Ashton me tient fermement. Il m'empêche de bouger et surtout, de m'enfuir. Je gesticule pour qu'il me lâche, en vain. Nous arrivons dans le débarras de la dernière fois, celui où il m'avait emmené lorsqu'il m'avait vu sortir de la base pour aller à Greycott. Il me jette à l'intérieur, se retourne et ferme la porte, qu'il bloque grâce à une barre en métal qui traînait dans le coin de la pièce.

Son corps pivote tandis qu'il me regarde enfin.

« Que se passe-t-il ? » Ses sourcils se froncent, sa voix tonne et se répercute dans le silence qui flotte dans la salle. Il a l'air énervé, ce qui me rend moi-même en colère. Je n'ai pas du tout envie, surtout maintenant, de subir ses humeurs. Je n'en ai pas besoin.

« Rien. » Je réponds d'un ton froid. Si l'ambiance était déjà tendue, ma réplique la rend glaciale. Ses yeux s'assombrissent tandis qu'il enchaîne :

« Réponds-moi immédiatement ! » L'ordre qu'il vient de prononcer me donne encore moins envie de coopérer.

Personne. Ne. Me. Donne.

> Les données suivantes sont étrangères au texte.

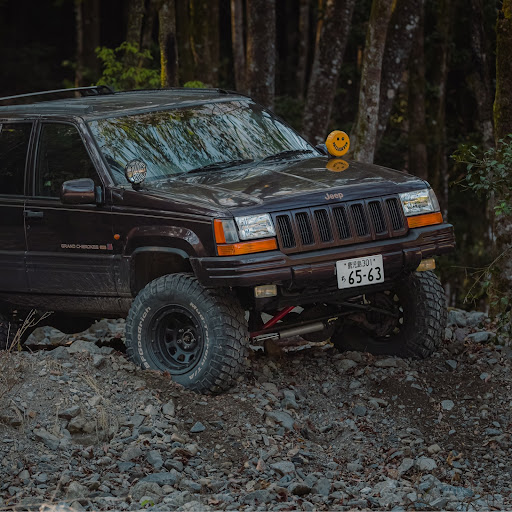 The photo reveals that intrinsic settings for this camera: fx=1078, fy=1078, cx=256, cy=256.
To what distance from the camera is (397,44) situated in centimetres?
1564

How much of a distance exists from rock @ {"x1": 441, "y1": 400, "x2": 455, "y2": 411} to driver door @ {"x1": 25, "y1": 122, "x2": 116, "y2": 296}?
102 inches

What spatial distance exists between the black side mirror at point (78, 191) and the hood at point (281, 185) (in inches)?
16.1

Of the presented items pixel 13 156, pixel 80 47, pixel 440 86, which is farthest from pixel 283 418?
pixel 80 47

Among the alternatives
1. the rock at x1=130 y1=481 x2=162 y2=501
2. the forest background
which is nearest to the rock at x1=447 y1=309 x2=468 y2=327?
the forest background

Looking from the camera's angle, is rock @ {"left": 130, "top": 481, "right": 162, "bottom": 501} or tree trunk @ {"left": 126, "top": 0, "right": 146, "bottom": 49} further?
tree trunk @ {"left": 126, "top": 0, "right": 146, "bottom": 49}

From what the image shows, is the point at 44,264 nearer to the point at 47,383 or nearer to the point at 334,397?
the point at 47,383

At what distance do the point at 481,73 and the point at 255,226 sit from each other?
1526 centimetres

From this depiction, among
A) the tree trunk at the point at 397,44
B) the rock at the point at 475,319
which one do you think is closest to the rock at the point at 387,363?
the rock at the point at 475,319

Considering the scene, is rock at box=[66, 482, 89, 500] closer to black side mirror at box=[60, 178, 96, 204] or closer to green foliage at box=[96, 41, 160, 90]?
black side mirror at box=[60, 178, 96, 204]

D'ordres.

Alors c'est au tour de mes yeux d'exprimer toute la colère que je ressens. Je sens mon regard s'enflammer et mon corps bouillir. J'ai toujours eu du mal à gérer mes émotions. J'ai rarement peur : mon esprit lucide m'en empêche et me permet de décrypter chaque situation avec raison et non pas avec passion. Ce qui est étonnant, c'est que cette raison qui me prévient de la peur, ne me prévient pas de la colère. Bien souvent, la terreur se transforme en un sentiment d'ébullition duquel je ne parviens que très lentement à m'extirper, et c'est exactement ce qui est en train de se passer. Je défoule toute l'angoisse que j'ai ressentie sur Ashton, qui semble être prêt à répliquer avec une véhémence similaire à la mienne.

J'avance vers lui et le pousse sur le côté pour qu'il dégage de ma vue. Surpris par mon geste, il se laisse faire pendant que d'un coup brusque et coléreux, j'enlève la barre de métal qui entrave la porte. Je tire tellement fort que je casse la poignée en même temps. Toujours fulminante, je frappe violement la porte avec mon pied. Elle finit par s'ouvrir. Au même moment, Ashton sort de sa transe et m'attrape par le ventre. La blessure que mon agresseur m'a infligée se réveille et je suis obligée de gémir de douleur.

« - Arrête de jouer à la secrète. C'est ridicule. Ce n'est pas pour ta petite personne que je fais ce que je fais. Je suis instructeur et je suis en charge du bon fonctionnement de cette base. N'oublie pas que je connais ton petit secret. Si tu t'obstines à continuer d'enfreindre les règles et surtout à me provoquer, tes petites sorties à l'extérieur ne seront plus si secrètes. »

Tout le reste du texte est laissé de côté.